------ Task data ------

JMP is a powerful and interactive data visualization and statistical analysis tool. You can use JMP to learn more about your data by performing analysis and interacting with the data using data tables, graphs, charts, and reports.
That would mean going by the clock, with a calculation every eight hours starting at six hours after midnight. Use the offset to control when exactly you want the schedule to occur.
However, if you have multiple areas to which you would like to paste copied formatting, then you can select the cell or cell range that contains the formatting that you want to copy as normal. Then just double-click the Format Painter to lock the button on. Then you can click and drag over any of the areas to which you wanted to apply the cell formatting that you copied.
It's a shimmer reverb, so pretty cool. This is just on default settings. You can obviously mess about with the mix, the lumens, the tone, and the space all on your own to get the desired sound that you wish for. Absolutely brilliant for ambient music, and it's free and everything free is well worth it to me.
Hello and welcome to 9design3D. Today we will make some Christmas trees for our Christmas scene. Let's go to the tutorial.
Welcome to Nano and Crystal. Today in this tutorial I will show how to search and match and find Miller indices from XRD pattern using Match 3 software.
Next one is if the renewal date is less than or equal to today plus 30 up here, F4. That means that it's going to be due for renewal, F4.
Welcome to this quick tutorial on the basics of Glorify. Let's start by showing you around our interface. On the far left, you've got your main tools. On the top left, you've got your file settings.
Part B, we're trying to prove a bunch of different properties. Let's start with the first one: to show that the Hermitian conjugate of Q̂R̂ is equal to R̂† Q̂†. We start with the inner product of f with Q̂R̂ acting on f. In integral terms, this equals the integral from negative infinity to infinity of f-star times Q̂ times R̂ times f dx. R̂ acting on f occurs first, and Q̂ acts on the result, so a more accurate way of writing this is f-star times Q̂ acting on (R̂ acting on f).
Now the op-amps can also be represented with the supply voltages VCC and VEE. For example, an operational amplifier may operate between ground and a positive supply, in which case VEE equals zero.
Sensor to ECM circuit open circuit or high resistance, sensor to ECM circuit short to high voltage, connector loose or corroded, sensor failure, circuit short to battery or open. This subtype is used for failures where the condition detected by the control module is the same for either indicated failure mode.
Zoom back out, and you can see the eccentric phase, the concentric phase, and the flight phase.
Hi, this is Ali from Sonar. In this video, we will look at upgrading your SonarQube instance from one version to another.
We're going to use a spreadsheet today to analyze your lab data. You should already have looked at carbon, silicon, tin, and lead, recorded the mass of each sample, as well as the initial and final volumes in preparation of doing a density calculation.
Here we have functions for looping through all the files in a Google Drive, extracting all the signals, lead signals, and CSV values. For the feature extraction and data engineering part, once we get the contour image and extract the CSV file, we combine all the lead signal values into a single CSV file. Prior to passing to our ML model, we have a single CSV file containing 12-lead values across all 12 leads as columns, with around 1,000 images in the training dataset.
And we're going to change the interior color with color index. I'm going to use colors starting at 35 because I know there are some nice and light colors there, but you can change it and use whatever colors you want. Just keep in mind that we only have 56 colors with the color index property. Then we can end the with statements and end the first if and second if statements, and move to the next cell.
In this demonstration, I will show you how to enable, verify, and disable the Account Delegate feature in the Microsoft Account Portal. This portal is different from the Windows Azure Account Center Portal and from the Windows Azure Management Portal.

------

Goal of the exercise:
Go through the records and set every one down exactly.

Result:
JMP is a powerful and interactive data visualization and statistical analysis tool. You can use JMP to learn more about your data by performing analysis and interacting with the data using data tables, graphs, charts, and reports.
That would mean going by the clock, with a calculation every eight hours starting at six hours after midnight. Use the offset to control when exactly you want the schedule to occur.
However, if you have multiple areas to which you would like to paste copied formatting, then you can select the cell or cell range that contains the formatting that you want to copy as normal. Then just double-click the Format Painter to lock the button on. Then you can click and drag over any of the areas to which you wanted to apply the cell formatting that you copied.
It's a shimmer reverb, so pretty cool. This is just on default settings. You can obviously mess about with the mix, the lumens, the tone, and the space all on your own to get the desired sound that you wish for. Absolutely brilliant for ambient music, and it's free and everything free is well worth it to me.
Hello and welcome to 9design3D. Today we will make some Christmas trees for our Christmas scene. Let's go to the tutorial.
Welcome to Nano and Crystal. Today in this tutorial I will show how to search and match and find Miller indices from XRD pattern using Match 3 software.
Next one is if the renewal date is less than or equal to today plus 30 up here, F4. That means that it's going to be due for renewal, F4.
Welcome to this quick tutorial on the basics of Glorify. Let's start by showing you around our interface. On the far left, you've got your main tools. On the top left, you've got your file settings.
Part B, we're trying to prove a bunch of different properties. Let's start with the first one: to show that the Hermitian conjugate of Q̂R̂ is equal to R̂† Q̂†. We start with the inner product of f with Q̂R̂ acting on f. In integral terms, this equals the integral from negative infinity to infinity of f-star times Q̂ times R̂ times f dx. R̂ acting on f occurs first, and Q̂ acts on the result, so a more accurate way of writing this is f-star times Q̂ acting on (R̂ acting on f).
Now the op-amps can also be represented with the supply voltages VCC and VEE. For example, an operational amplifier may operate between ground and a positive supply, in which case VEE equals zero.
Sensor to ECM circuit open circuit or high resistance, sensor to ECM circuit short to high voltage, connector loose or corroded, sensor failure, circuit short to battery or open. This subtype is used for failures where the condition detected by the control module is the same for either indicated failure mode.
Zoom back out, and you can see the eccentric phase, the concentric phase, and the flight phase.
Hi, this is Ali from Sonar. In this video, we will look at upgrading your SonarQube instance from one version to another.
We're going to use a spreadsheet today to analyze your lab data. You should already have looked at carbon, silicon, tin, and lead, recorded the mass of each sample, as well as the initial and final volumes in preparation of doing a density calculation.
Here we have functions for looping through all the files in a Google Drive, extracting all the signals, lead signals, and CSV values. For the feature extraction and data engineering part, once we get the contour image and extract the CSV file, we combine all the lead signal values into a single CSV file. Prior to passing to our ML model, we have a single CSV file containing 12-lead values across all 12 leads as columns, with around 1,000 images in the training dataset.
And we're going to change the interior color with color index. I'm going to use colors starting at 35 because I know there are some nice and light colors there, but you can change it and use whatever colors you want. Just keep in mind that we only have 56 colors with the color index property. Then we can end the with statements and end the first if and second if statements, and move to the next cell.
In this demonstration, I will show you how to enable, verify, and disable the Account Delegate feature in the Microsoft Account Portal. This portal is different from the Windows Azure Account Center Portal and from the Windows Azure Management Portal.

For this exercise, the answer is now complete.